A América Latina e Trump
Estaria a América Latina preparada para ter suas veias abertas novamente para os interesses externos?

Na última terça-feira, 9, o presidente norte-americano, Donald Trump, voltou a criticar a Europa, não faltando “carinhosos elogios” para o Velho Continente, que para ele é “decadente”, além de “ser governado por certos líderes estúpidos”. Essa forte declaração aconteceu dias depois de próprio governo estadunidense ter emitido um documento com a sua nova estratégia militar e de política externa.
De acordo com esse documento, o foco militar norte-americano passa a ser a América Latina, reajustando “a presença militar a fim de enfrentar ameaças urgentes em nosso Hemisfério”. É óbvio que esse reajuste passa pela questão da pressão de Trump sobre o governo de Nicolás Maduro na Venezuela.
Em sua cruzada para reduzir a entrada de entorpecentes em solo norte-americano, já foram realizadas mais de 22 ataques a embarcações, que supostamente estariam levando drogas ilegais, com um total de mais de 80 pessoas mortas. Além disso, Trump designou o Cartel de los Soles como uma organização terrorista estrangeira, permitindo novas sanções contra Maduro.

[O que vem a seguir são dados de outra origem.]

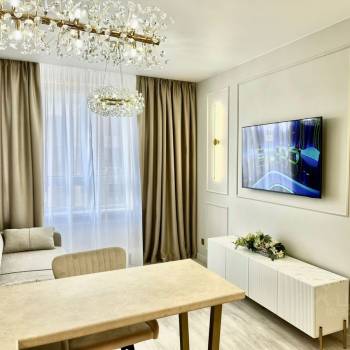 Продается 1-комнатная квартира, 42 м²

Em um de seus últimos pronunciamentos sobre o assunto, Trump afirmou que seu governo está elaborando planos para uma intervenção militar por terra, o que seria, dentro do prisma do Direito Público Internacional, mais uma ilegalidade cometida pelo governo estadunidense. Contudo, alguns interlocutores trumpistas não acreditam nessa possibilidade.
Trump, como um bom “jogador”, pressiona Maduro através do campo militar, forçando o ditador a se movimentar e buscar algum apoio internacional em defesa de sua soberania. A participação brasileira nesse caso até que seria salutar, mas, após o fraudulento processo nas eleições venezuelanas, as relações entre Brasil e Venezuela estão congeladas, o que inviabiliza qualquer mediação de Lula com Trump. Por isso, Maduro recorreu à Organização da Nações Unidas, o que provocou um efeito prático quase nulo.
Porém, as recentes ameaças do presidente estadunidense provocaram incredulidade por parte de alguns setores políticos na terra do Tio Sam. Após uma entrevista na qual afirmou que os “dias de Maduro à frente do governo da Venezuela estariam contados”, os próprios senadores republicanos, em um raro ato de dissenso com o presidente, enfatizaram que um envio das tropas norte-americanas para o solo venezuelano é muito diferente de atacar barcos que potencialmente estariam transportando drogas e traficantes.
Já os senadores democratas argumentam que qualquer mobilização das tropas americanas deve ser informada ao Congresso, com uma justificativa substancial. Na última semana, um grupo bipartidário de congressistas fez uma série de articulações para forçar Trump a passar pela aprovação do Congresso antes da mobilização das tropas estadunidenses.
Esse fato está além do combate às drogas, uma vez que os principais fornecedores para os Estados Unidos são Colômbia e México. A questão central orbita na própria ligação de Maduro com o governo russo de Vladimir Putin e com o governo chinês. Para além das questões geopolíticas, Trump tem intensos interesses nas questões petrolíferas venezuelanas, além da abertura do mercado daquele país. Para os interesses estadunidenses, Maduro se torna persona non grata e, por isso, há a continua insistência norte-americana em apoiar uma oposição na Venezuela.
Ao que tudo indica, a política norte-americana terá um foco cada vez maior na América Latina. Contudo, até que ponto essa relação, sob a regência de Trump, será positiva para nós?Nesse sentido, estaria a América Latina preparada para ter suas veias abertas novamente para os interesses externos? São questões que apenas o tempo responderá.